As the Republican Party has floundered about in its identity crisis, Governor Jindal continues to be seen as a 2012 hopeful to challenge President Obama. Therefore, he has been a leading voice of the opposition, which in turn makes him a lightening rod for criticism. And now that Mardi Gras Republic Party bedtime story has come back to bite Louisianians. Among Jindal's many criticisms of the Obama administration and congressional Democrats has been the stimulus bill. During his response of February 24 (Mardi Gras) on behalf of the Republican Party, Jindal spoke of  "wasteful spending" in "the largest government spending bill in history," citing, among other projects, the $8 billion for high-speed railways.

After his harsh words on the stimulus bill on behalf of the Republican Party, Jindal was the first governor to reject stimulus money. Then, as Jon Stewart has noted, Jindal awarded a group of businessmen federal stimulus money, represented by a giant novelty check, whose signatory was printed as "Governor Bobby Jindal."

On August 19, Keith Olbermann featured Governor Jindal as the "Worse Person in the World," only marginally better than Steve Doocy and Brian Kilmeade as runners-up "Worser," and the "Worst," Rush Limbaugh for their anti-Semitism and homophobia.

Jindal's response to accusations of hypocricy was swift. Just two days later, the secretary of the Department of Transportation and Development announced they had killed the idea. A spokesperson for the Department explained to the Times Picayune that the operating costs could not be covered by projected budgets, and a state employee who had contacted the federal transporation office about applying for funds was only "preparing options for the possible use of federal money, but this idea was not even vetted by the department's secretary and the department will not submit an application on it."

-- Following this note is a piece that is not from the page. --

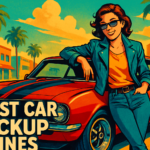 Best Car Pickup Lines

So much for a progressive idea whose time might have finally come if not for a cowardly, reactionary governor who would prefer to reverse himself and retreat rather than admit he may have misspoken. After all, it doesn't make Jindal any less of a hypocrite for changing his mind after his administration considered using stimulus money he called "wasteful" than if he had actually applied for it. It only means he's hypocritical and a clumsy politician who reverses himself when he thinks it's in the best interest of his Republican Party rather than the public.

Weekly, Bobby Jindal is proving he's not only a not ready for prime-time, but he's not ready to focus on being the best governor he can be for Louisiana. He is, alas, yet another politician, when what we need is a statesman.